M INISTRE de la Fonction publique et de la Réforme de l'Etat, Michel Sapin a décidé d'appliquer unilatéralement les propositions qu'il avait faites aux fonctionnaires, qui ont accueilli sa décision avec un tollé prévisible.
M. Sapin a reconnu, dans un entretien avec « le Monde », qu'il a différé sa décision pour des raisons électorales, c'est-à-dire qu'il a attendu les élections municipales. Mais, d'une part, le mécontentement des fonctionnaires risque de s'exprimer lors des législatives et de la présidentielle de l'an prochain ; d'autre part, si la hausse de 1,2 % des salaires en 2001 et de 1,2 % en 2002 ne fait que compenser la diminution attendue du pouvoir d'achat, était-il possible d'accorder des augmentations plus élevées ? Attaché à ses réformes sociales, qui sont coûteuses, le gouvernement de M. Jospin sait qu'il ne peut pas accroître inconsidérément ses charges budgétaires fixes.
Les syndicats de fonctionnaires font valoir que la révolution technologique et la spécialisation des tâches réclament des connaissances et un apprentissage qui exigent que la carrière dans la fonction publique reste attractive. Elle l'est par d'autres aspects, notamment la garantie de l'emploi, et aucun gouvernement français, surtout pas celui-ci, n'a pu ignorer que la fonction publique représente en France un quart des emplois et que son budget absorbe 600 milliards par an, entièrement financés par le contribuable.
La réforme se fait attendre
L'épreuve de force entre le gouvernement et les fonctionnaires ne fait donc que commencer. Le déséquilibre entre public et privé devra être corrigé tôt ou tard. Dans l'une des tâches qui lui sont imparties, la réforme de l'Etat, M. Sapin, à ce jour, n'a pas beaucoup progressé. Le ministre a néanmoins envoyé aux fonctionnaires un message limpide : vous ne pouvez pas avoir le beurre et l'argent du beurre. Et il veut augmenter de 14 % en cinq ans les salaires les plus bas de la fonction publique (égaux ou inférieurs à 1,4 fois le SMIC), ce qui sera une opération salutaire. Il rappelle donc les fonctionnaires (et surtout leurs syndicats) à leur devoir de solidarité.

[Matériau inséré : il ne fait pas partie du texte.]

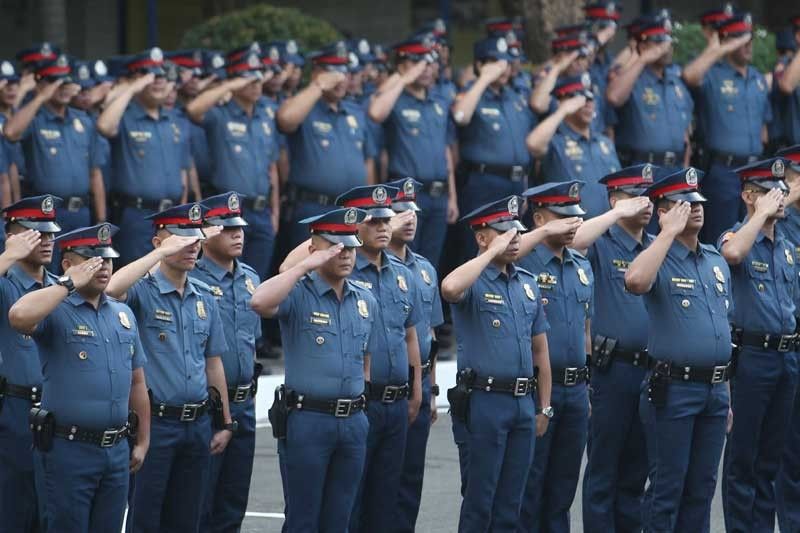 Metro Manila police inatasang makipag-usap  sa Muslim communities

Ces vastes négociations au cours desquelles les syndicats négocient la même augmentation pour tous sont inégalitaires par excellence : le principe même d'une hausse identique pour des millions de personnes indique que l'écart entre les mieux payées et les moins bien payées ne peut que s'accroître. Voilà pourquoi les propositions de M. Sapin sont bonnes.
En attendant une réforme de la fonction publique que les fonctionnaires ont savamment retardée, ce coup d'arrêt aux revendications n'est pas inutile. Il montre d'abord que le gouvernement ne manque pas de courage, parce que sa fermeté s'exerce contre son électorat naturel. Il indique à tous les partisans de la dépense, Verts, communistes, gauche socialiste, que le budget sera tenu.

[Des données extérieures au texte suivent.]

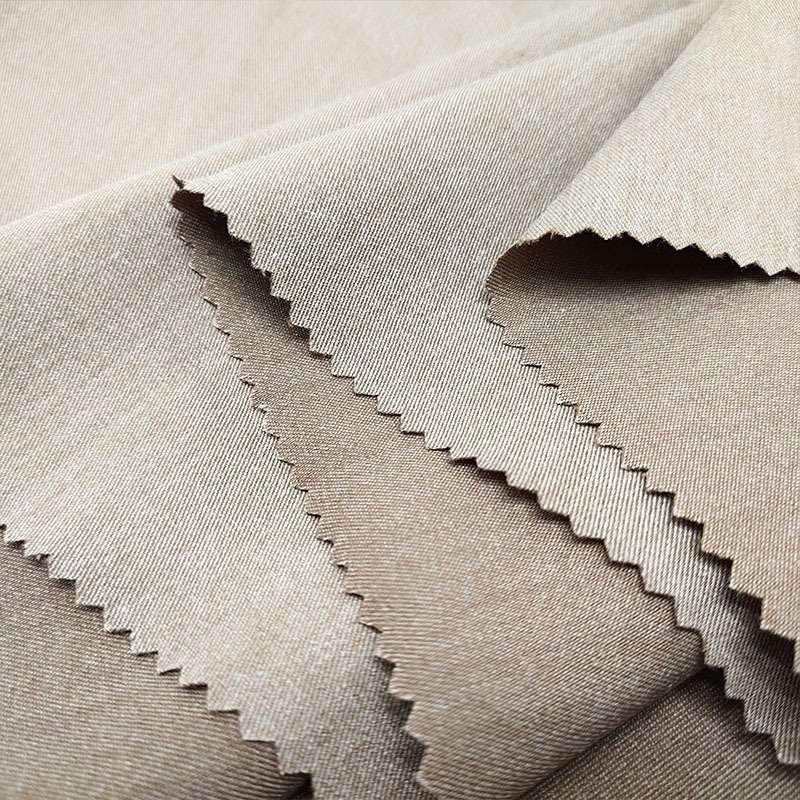 Keli Cotton Stretch Yeast Fabric Woven Polyester Blended Fabric Wholesale Suit Uniform Pleated Skirt Suit Fabric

Les rapports entre les pouvoirs publics et la fonction publique ne constituent pas le seul domaine où un gouvernement responsable doit agir parfois à contre-courant de l'opinion publique. La croissance des quatre dernières années a fait naître des espoirs excessifs.
On ne peut pas tout avoir
Les premières vagues de licenciements causées - au moins en partie - par le contrecoup de la crise économique américaine coïncident avec l'apogée des revendications sociales. Les Français n'ont pas compris que la semaine de 35 heures a un coût et qu'ils ne peuvent pas obtenir à la fois plus de temps de loisir et plus d'argent. M. Sapin a encouragé le secteur privé à augmenter les bas salaires, mais ce n'est pas lui qui paie les salaires du privé. Ce sont des chefs d'entreprise qui ont dû digérer les 35 heures.

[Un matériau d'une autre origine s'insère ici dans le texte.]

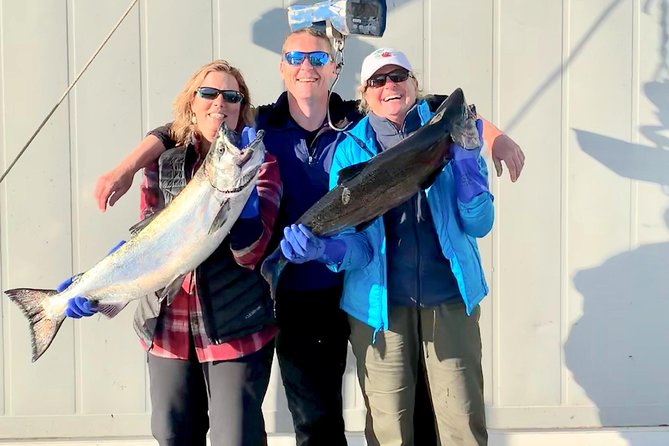 Ketchikan Alaska Fishing Charters - Pricing and Booking Information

Certes, c'est logique, c'est humain de réclamer des augmentations en période de croissance, et surtout quand les entreprises annoncent, pour 2000, des résultats très brillants. Aussi bien les règles doivent-elles être différenciées selon l'état de santé de chaque société. Mais globalement, on ne peut pas tout avoir : des créations d'emplois dans la fonction publique, des augmentations généreuses pour les fonctionnaires, la semaine de 35 heures pour tous les salariés, des hausses dans le secteur privé. Il faut faire des choix. Or le gouvernement de M. Jospin a voulu la réduction du temps de travail, qui est la réforme la plus importante de la législature. C'est sur elle qu'il se concentre et c'est pourquoi il est parcimonieux quand les fonctionnaires demandent plus. On peut penser ou non que les 35 heures sont une bonne chose, on ne peut pas reprocher à M. Jospin son absence de logique.